今日のエンタープライズテクノロジー領域の事業環境は、サブスクリプション型のサービスへの移行により複雑化している。顧客は、サービスへのアクセス、利用、支払いを柔軟に実施できるようになり、製品や顧客体験に満足していなければ、比較的容易にテクノロジー企業を切り替えることができるようになった。エンタープライズ領域における新たな流れにより、テクノロジー企業は、顧客が得る成果(Outcome)と顧客価値(Customer Value)の向上にますます注力するようになった。

今日の顧客は、テクノロジー企業に対して異なった期待を抱いている。顧客の期待の高まりに対応するために、ほとんどのテクノロジー企業が、 カスタマーサクセス(CS) に取り組み始めたことは驚くことではない。これは、従来のサポートの枠を超えて、独自の顧客体験および顧客が希望する成果を提供することを可能とする体系化したサービスである。

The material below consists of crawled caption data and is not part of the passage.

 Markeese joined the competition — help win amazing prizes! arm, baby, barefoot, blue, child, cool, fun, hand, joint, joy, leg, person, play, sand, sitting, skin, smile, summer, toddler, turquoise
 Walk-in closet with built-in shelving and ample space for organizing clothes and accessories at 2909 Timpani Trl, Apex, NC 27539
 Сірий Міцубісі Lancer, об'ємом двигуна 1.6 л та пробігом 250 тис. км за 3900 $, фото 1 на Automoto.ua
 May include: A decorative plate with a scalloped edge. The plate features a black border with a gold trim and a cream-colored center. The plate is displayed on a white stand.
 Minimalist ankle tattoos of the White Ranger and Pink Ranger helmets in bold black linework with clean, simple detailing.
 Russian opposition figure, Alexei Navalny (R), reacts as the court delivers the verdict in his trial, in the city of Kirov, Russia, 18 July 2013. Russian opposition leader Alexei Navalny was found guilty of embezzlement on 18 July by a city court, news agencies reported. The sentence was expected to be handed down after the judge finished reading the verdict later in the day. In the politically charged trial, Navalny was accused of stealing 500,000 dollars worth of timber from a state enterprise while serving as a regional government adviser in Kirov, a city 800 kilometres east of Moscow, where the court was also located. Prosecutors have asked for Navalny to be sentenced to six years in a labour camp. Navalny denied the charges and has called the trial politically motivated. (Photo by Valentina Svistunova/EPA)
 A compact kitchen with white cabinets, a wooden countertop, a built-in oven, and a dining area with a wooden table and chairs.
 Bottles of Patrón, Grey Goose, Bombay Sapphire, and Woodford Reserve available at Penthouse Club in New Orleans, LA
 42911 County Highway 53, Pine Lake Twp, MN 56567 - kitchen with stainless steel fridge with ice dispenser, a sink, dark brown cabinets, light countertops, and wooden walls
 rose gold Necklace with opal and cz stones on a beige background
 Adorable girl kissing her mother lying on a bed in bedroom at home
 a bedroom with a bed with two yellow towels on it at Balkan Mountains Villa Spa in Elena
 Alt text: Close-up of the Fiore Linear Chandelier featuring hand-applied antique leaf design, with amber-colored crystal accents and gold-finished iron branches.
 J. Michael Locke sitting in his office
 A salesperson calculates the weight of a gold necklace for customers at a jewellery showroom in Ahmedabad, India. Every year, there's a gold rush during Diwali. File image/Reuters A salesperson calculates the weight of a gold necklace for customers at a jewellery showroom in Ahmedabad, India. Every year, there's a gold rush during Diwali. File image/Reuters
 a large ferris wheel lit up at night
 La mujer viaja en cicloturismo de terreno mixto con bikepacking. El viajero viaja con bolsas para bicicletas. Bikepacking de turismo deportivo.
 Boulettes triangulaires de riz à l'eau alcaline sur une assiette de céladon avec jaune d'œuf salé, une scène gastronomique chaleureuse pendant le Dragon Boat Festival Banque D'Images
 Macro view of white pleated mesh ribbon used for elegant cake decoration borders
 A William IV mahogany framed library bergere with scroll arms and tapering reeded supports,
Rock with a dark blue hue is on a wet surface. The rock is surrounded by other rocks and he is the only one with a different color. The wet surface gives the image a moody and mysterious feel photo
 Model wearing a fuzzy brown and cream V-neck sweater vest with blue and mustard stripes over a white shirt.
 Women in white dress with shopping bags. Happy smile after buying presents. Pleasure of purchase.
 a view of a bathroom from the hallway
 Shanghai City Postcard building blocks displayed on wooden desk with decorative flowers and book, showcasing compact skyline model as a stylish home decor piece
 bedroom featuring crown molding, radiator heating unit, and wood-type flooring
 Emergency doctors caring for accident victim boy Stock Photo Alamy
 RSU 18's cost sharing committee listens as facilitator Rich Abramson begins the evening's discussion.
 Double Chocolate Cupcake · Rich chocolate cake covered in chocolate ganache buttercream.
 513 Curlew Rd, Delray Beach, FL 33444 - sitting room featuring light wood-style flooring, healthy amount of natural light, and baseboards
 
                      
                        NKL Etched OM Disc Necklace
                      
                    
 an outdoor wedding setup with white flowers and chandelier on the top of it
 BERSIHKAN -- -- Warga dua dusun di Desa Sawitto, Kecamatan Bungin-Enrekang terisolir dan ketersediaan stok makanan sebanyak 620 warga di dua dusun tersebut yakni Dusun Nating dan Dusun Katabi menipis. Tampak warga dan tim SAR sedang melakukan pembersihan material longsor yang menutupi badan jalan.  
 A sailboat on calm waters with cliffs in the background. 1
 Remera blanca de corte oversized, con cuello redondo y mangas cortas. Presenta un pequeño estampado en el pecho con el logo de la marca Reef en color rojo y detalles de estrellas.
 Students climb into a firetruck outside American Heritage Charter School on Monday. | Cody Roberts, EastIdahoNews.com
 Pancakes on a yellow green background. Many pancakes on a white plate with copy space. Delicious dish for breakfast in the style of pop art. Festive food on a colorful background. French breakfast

Deloitteが発表した 「エンタープライズカスタマーサクセス(CS)の調査と展望 」 のパート1では、テクノロジー企業の視点から、CSに関するいくつかの重要なトピックについて説明した。本パート2では、顧客視点見たCSについて焦点を当てる。テクノロジー企業の顧客企業に所属している上級幹部300人以上を対象に調査を行い、最前線で提供しているCSイニシアティブについての視点を得ることで、新たな顧客ニーズと嗜好を理解し、これらのサービスがビジネスの成果に与える影響を調査した。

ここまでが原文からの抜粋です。